Успехи Шемаса в области строительства в Смолвуде, штат Нью-Джерси, были не столь головокружительны. Вышла какая-то загвоздка с официальным разрешением на застройку участка, не находились надежные подрядчики. Но О'Хара не унывал, он знал, что с этим можно немного подождать.
Единственное, что действительно огорчало «короля», была судьба Мисси – он ведь знал, что она вышла замуж за какого-то немецкого барона. Нет, Шемас не забыл о девушке своей мечты, она часто снилась ему. После того, как Шемас стал владельцем ночного клуба, его режим сильно изменился, и он спал днем. Проснувшись в шесть вечера, он принимал душ, брился, съедал «завтрак», состоявший из свинины с кукурузой и пяти чашек кофе, после чего выходил на крышу отеля «Шерри Нидерланд», где располагался его пентхауз, и окидывал взором расстилавшийся внизу городской пейзаж.

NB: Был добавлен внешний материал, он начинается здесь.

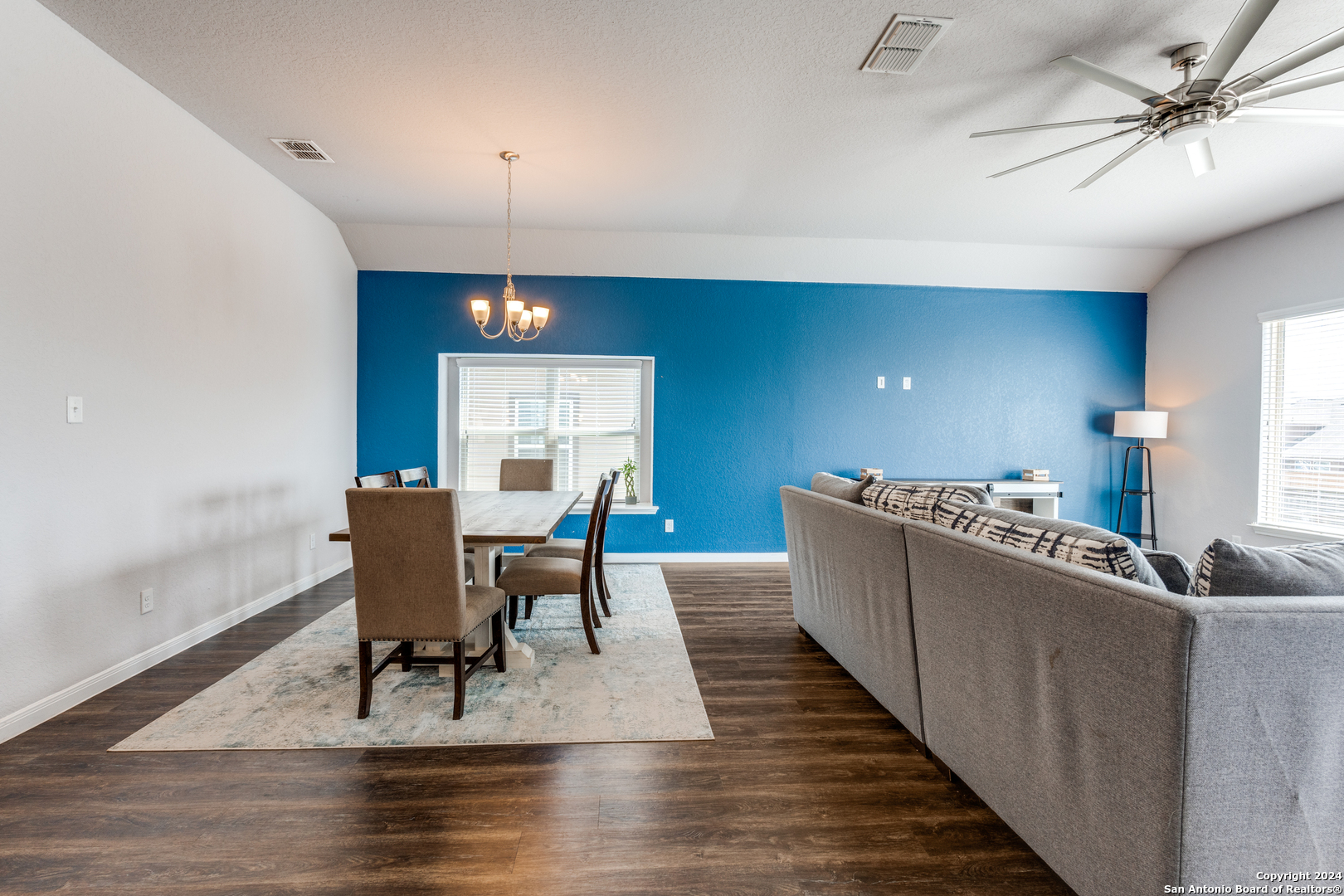 8918 Holland Park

Затем он шел на Бродвей – посмотреть новое шоу. Всякий раз под руку его держала какая-нибудь хорошенькая девушка – чаще всего, из высших слоев общества – в последнее время «король» стал любимцем женщин. Им нравился его ирландский акцент, густая рыжая шевелюра. К тому же, по городу пронесся слух, что О'Хара – настоящий «король» в постели…

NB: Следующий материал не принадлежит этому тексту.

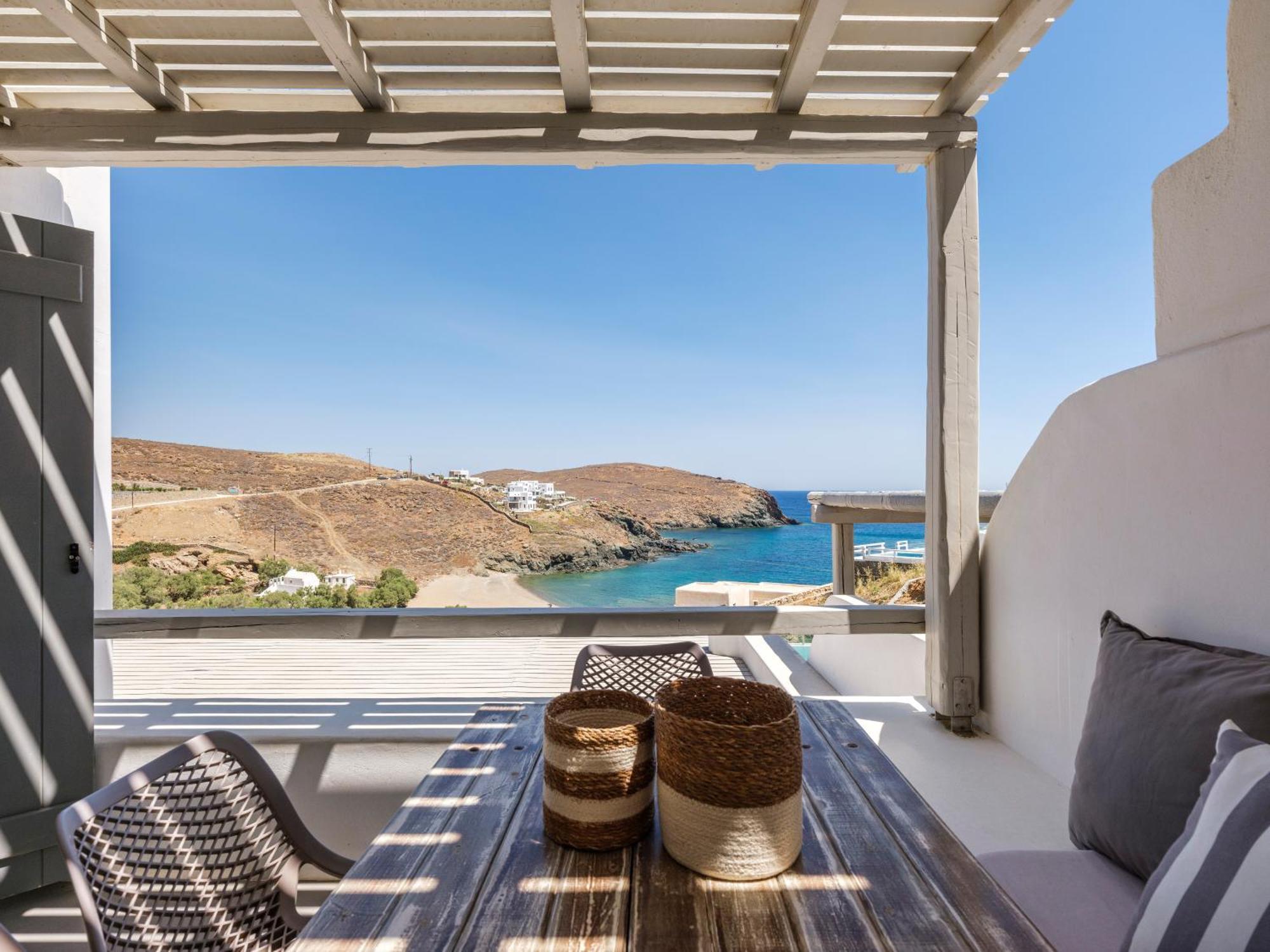 The Mykonist Merchia Beach Villas & Suites Екстериор снимка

Но все равно сердце его принадлежало одной-единственной женщине – Мисси О'Брайен. Несмотря ни на что, Шемас продолжал любить ее, хотя иногда ему снилось, что он душит коварную изменницу собственными руками.
После театра Шемас шел ужинать в какой-нибудь дорогой ресторан или клуб – уж где-где, а в такого рода заведениях он действительно ощущал себя королем. Завсегдатаи радостно приветствовали О'Хару, многие звали его к своим столикам. Ему нравилась эта популярность, и со своей стороны он старался, как мог, отблагодарить этих людей: угощал их, рассказывал веселые истории из своей жизни. И все же без Мисси О'Хара так и не мог назвать себя счастливым человеком.
О'Хара не любил читать газеты – поэтому известие о гибели Эдди Арнхальдта дошло до него лишь через несколько месяцев. Дело было так: кладовщик принес ему очередную партию бутылок бермудского рома, завернутых в старую газету. Шемас решил посмотреть товар, и его взгляд случайно наткнулся на заголовок статьи, посвященной гибели барона.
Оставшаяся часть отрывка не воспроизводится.